O Teatro Soho pediu a McGlade que retirasse alguns “insultos raciais” de Forgiveness, que, segundo ele, eram “gíria da classe operária e não foram usados com malícia”. E, embora ele tenha concordado com isso, uma referência “antissemita” no seu poema fez com que o espetáculo não voltasse à programação do teatro depois do confinamento.

McGlade conta que foi uma “jornada de descoberta”. Depois de uma apresentação, dois membros do Movimento de Defesa Israelita disseram a ele: “você nos fez ver que as pessoas podem dizer coisas antissemitas sem que sejam antissemitas. Podem dizê-las por falta de informação.”

“Então chorei e abracei aqueles dois e eles também me abraçaram”, relembra McGlade.

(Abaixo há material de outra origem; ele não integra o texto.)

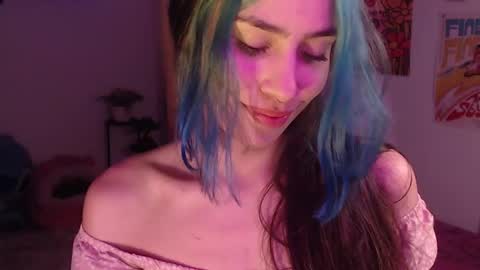 Snapshot of honeyypeaach chatting on December 2024 02:31:01 AM online show from December 2024 02:31:01 AM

Ele acrescenta que conseguiu encontrar uma forma diferente de “dizer o que eu queria dizer no show, enquanto zoava o fato de ser censurado”.

Forgiveness está novamente em cartaz, viajando pelo Reino Unido.

‘Adoro a aceitação’

Chris McGlade considera toda a sua vida um processo de aprendizado e essa experiência é parte desse processo.

“Espero aprender algo de novo no meu leito de morte”, afirma ele. “Se estiver crescendo, evoluindo e ficando melhor todo o tempo, isso quer dizer que a minha vida — no dia em que eu bater as botas — serviu para alguma coisa.”

Ele vai continuar fazendo comédia: “adoro — adoro a aceitação, porque adoro ver as pessoas rindo.”

“Sofri bullying durante toda minha infância”, diz McGlade. “E, sempre que consigo uma risada, aquele garoto que costumava levar uma bofetada no rosto leva um tapinha nas costas. E é isso que me faz seguir adiante.”